I need to solve the Helmholtz Equation in the Transverse Plane (y-z plane) and a 2nd Order ODE along the x-direction.

I am able to solve the two equations separately.

How do I go about writing a solver for the two so that it can be solved over any domain or geometry subject to B.C's?

Thanks in advance.

[sepp.zell]

Hi,

thank you for your further explanations.
If you are able to solve both equations separately in openFoam then it should be possible to build a new solver by combining the source codes of the two solvers into one file. This might sound easy, however you have to take care that everything is done consistently.
Concerning the boundary conditions I guess it depends how you want to incorporate them in the model. Since you write that you have a 2nd order ODE, I assume that it is not a typical initial value problem (as it is tackled in Test-ODE) but a boundary value problem where you describe the values at both ends of the domain.

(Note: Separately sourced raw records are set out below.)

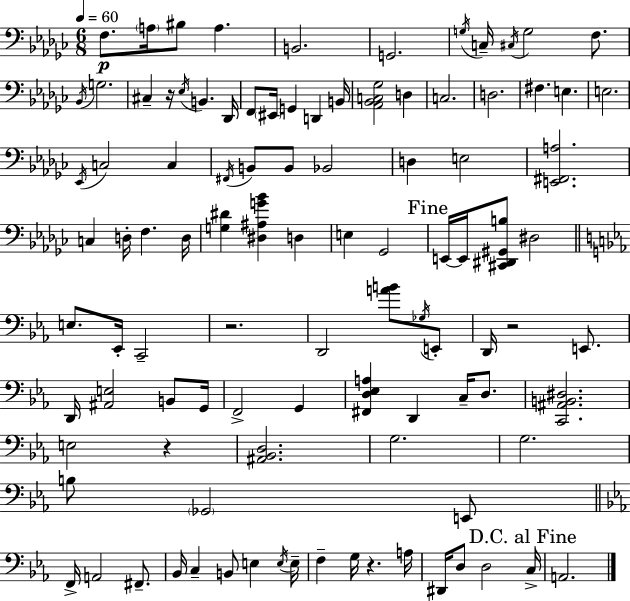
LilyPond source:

{
  \clef bass
  \numericTimeSignature
  \time 6/8
  \key ees \minor
  \tempo 4 = 60
  \repeat volta 2 { f8.\p \parenthesize a16 bis8 a4. | b,2. | g,2. | \acciaccatura { g16 } c16-- \acciaccatura { cis16 } g2 f8. | \break \acciaccatura { bes,16 } g2. | cis4-- r16 \acciaccatura { ees16 } b,4. | des,16 f,8 \parenthesize eis,16 g,4 d,4 | b,16 <aes, bes, c ges>2 | \break d4 c2. | d2. | fis4. e4. | e2. | \break \acciaccatura { ees,16 } c2 | c4 \acciaccatura { fis,16 } b,8 b,8 bes,2 | d4 e2 | <e, fis, a>2. | \break c4 d16-. f4. | d16 <g dis'>4 <dis ais g' bes'>4 | d4 e4 ges,2 | \mark "Fine" e,16~~ e,16 <cis, dis, gis, b>8 dis2 | \break \bar "||" \break \key c \minor e8. ees,16-. c,2-- | r2. | d,2 <a' b'>8 \acciaccatura { ges16 } e,8-. | d,16 r2 e,8. | \break d,16 <ais, e>2 b,8 | g,16 f,2-> g,4 | <fis, d ees a>4 d,4 c16-- d8. | <c, ais, b, dis>2. | \break e2 r4 | <ais, bes, d>2. | g2. | g2. | \break b8 \parenthesize ges,2 e,8 | \bar "||" \break \key ees \major f,16-> a,2 fis,8.-- | bes,16 c4-- b,8 e4 \acciaccatura { e16 } | e16-- f4-- g16 r4. | a16 dis,16 d8 d2 | \break \mark "D.C. al Fine" c16-> a,2. | } \bar "|."
}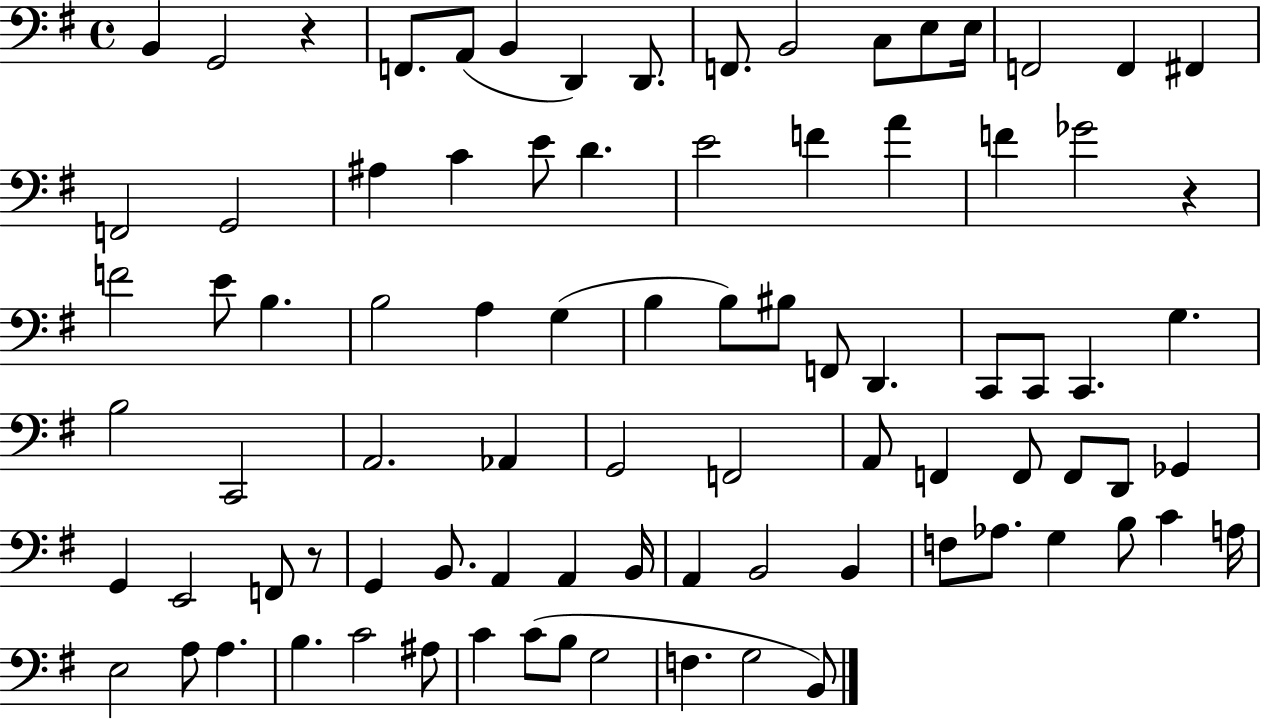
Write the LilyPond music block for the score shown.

{
  \clef bass
  \time 4/4
  \defaultTimeSignature
  \key g \major
  \repeat volta 2 { b,4 g,2 r4 | f,8. a,8( b,4 d,4) d,8. | f,8. b,2 c8 e8 e16 | f,2 f,4 fis,4 | \break f,2 g,2 | ais4 c'4 e'8 d'4. | e'2 f'4 a'4 | f'4 ges'2 r4 | \break f'2 e'8 b4. | b2 a4 g4( | b4 b8) bis8 f,8 d,4. | c,8 c,8 c,4. g4. | \break b2 c,2 | a,2. aes,4 | g,2 f,2 | a,8 f,4 f,8 f,8 d,8 ges,4 | \break g,4 e,2 f,8 r8 | g,4 b,8. a,4 a,4 b,16 | a,4 b,2 b,4 | f8 aes8. g4 b8 c'4 a16 | \break e2 a8 a4. | b4. c'2 ais8 | c'4 c'8( b8 g2 | f4. g2 b,8) | \break } \bar "|."
}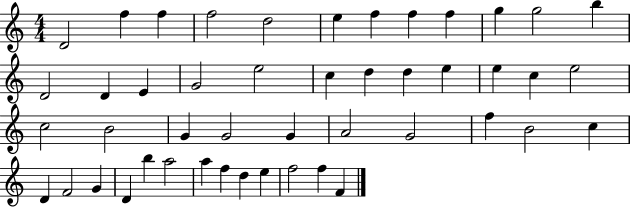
D4/h F5/q F5/q F5/h D5/h E5/q F5/q F5/q F5/q G5/q G5/h B5/q D4/h D4/q E4/q G4/h E5/h C5/q D5/q D5/q E5/q E5/q C5/q E5/h C5/h B4/h G4/q G4/h G4/q A4/h G4/h F5/q B4/h C5/q D4/q F4/h G4/q D4/q B5/q A5/h A5/q F5/q D5/q E5/q F5/h F5/q F4/q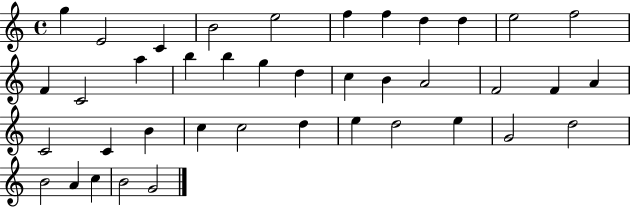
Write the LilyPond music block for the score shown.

{
  \clef treble
  \time 4/4
  \defaultTimeSignature
  \key c \major
  g''4 e'2 c'4 | b'2 e''2 | f''4 f''4 d''4 d''4 | e''2 f''2 | \break f'4 c'2 a''4 | b''4 b''4 g''4 d''4 | c''4 b'4 a'2 | f'2 f'4 a'4 | \break c'2 c'4 b'4 | c''4 c''2 d''4 | e''4 d''2 e''4 | g'2 d''2 | \break b'2 a'4 c''4 | b'2 g'2 | \bar "|."
}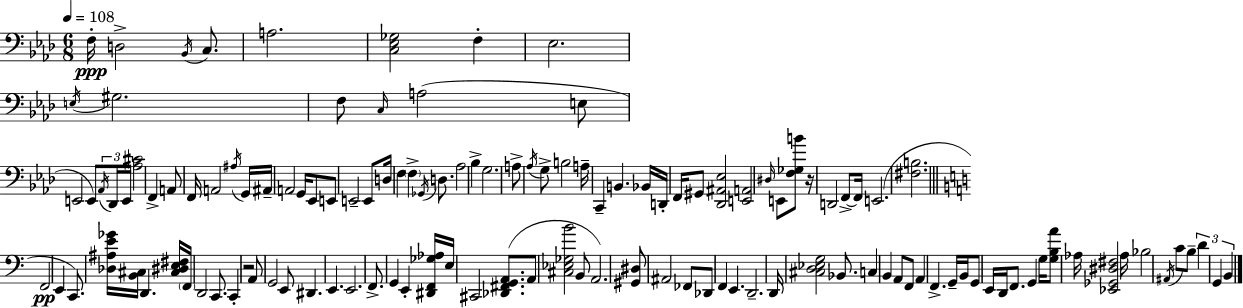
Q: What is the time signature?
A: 6/8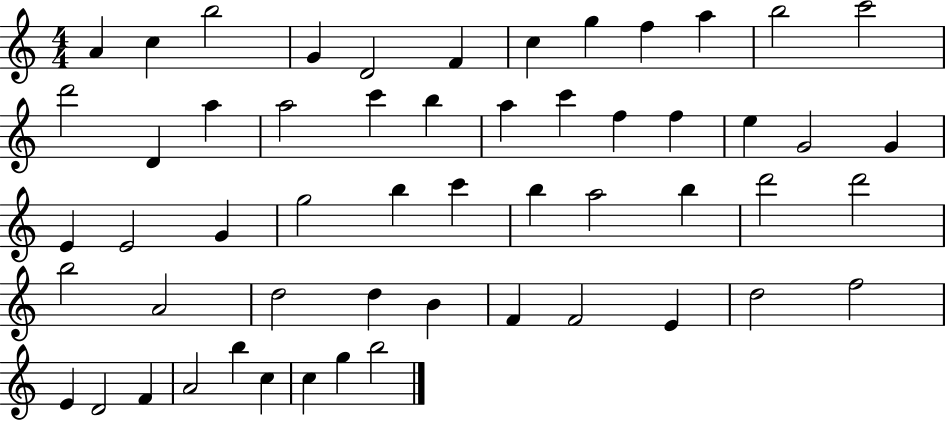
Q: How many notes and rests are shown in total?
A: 55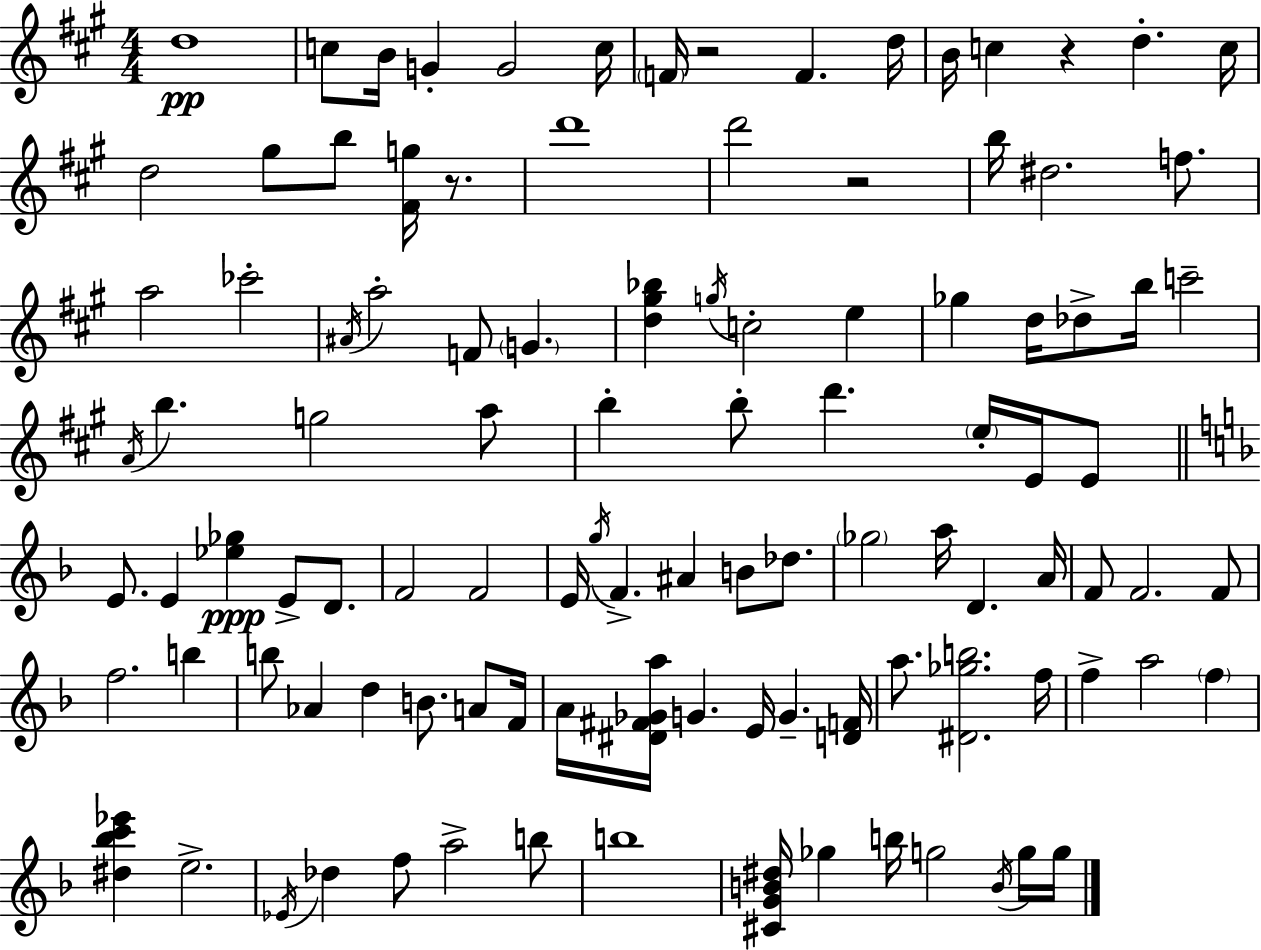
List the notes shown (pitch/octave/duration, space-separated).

D5/w C5/e B4/s G4/q G4/h C5/s F4/s R/h F4/q. D5/s B4/s C5/q R/q D5/q. C5/s D5/h G#5/e B5/e [F#4,G5]/s R/e. D6/w D6/h R/h B5/s D#5/h. F5/e. A5/h CES6/h A#4/s A5/h F4/e G4/q. [D5,G#5,Bb5]/q G5/s C5/h E5/q Gb5/q D5/s Db5/e B5/s C6/h A4/s B5/q. G5/h A5/e B5/q B5/e D6/q. E5/s E4/s E4/e E4/e. E4/q [Eb5,Gb5]/q E4/e D4/e. F4/h F4/h E4/s G5/s F4/q. A#4/q B4/e Db5/e. Gb5/h A5/s D4/q. A4/s F4/e F4/h. F4/e F5/h. B5/q B5/e Ab4/q D5/q B4/e. A4/e F4/s A4/s [D#4,F#4,Gb4,A5]/s G4/q. E4/s G4/q. [D4,F4]/s A5/e. [D#4,Gb5,B5]/h. F5/s F5/q A5/h F5/q [D#5,Bb5,C6,Eb6]/q E5/h. Eb4/s Db5/q F5/e A5/h B5/e B5/w [C#4,G4,B4,D#5]/s Gb5/q B5/s G5/h B4/s G5/s G5/s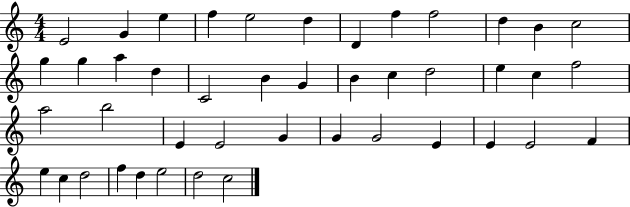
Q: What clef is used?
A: treble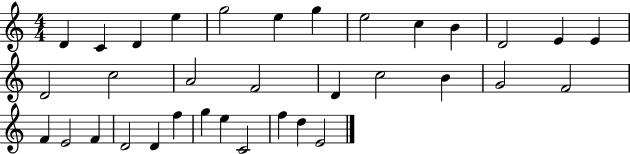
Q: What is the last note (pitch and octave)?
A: E4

Therefore I would not go with a classical ODE solver and consider it as a system of ODEs (since you are missing an initial condition for the derivative), however I would consider it as a PDE. For one equation (in x-direction) you want the Laplace operator only to act in a specific direction, right? Why not to modify the Laplace operator to do that.
Maybe you have a look at this thread (Modifying the laplacian operator) where, I guess, something similar is done.

Regards

Sebastian

[mathartist]

True, my ODE is a BVP and not an IVP. However, I'm using the Shooting Method in which a BVP may be solved using an IVP Solver.

Thank's for that link to the other thread. It was useful.

Yes, Linking the B.C's to the solver is going to be troublesome, as I'm relatively new to OF.

[sepp.zell]

If you are using the shooting method, then in any case you have to wrap something around the ODE-solver of openFOAM. Also for taking care of the boundary conditions. In

HTML Code:

http://www.tfd.chalmers.se/~hani/kurser/OS_CFD_2008/ZongyuanGu/reportZongyuan.pdf

the implementation for the ODE-Solver in openFOAM is described in more details.
However, since you might have to write your equation for every computation point by hand, I still do not know, if using a classical ODE-Solver is the best way to solve your problem.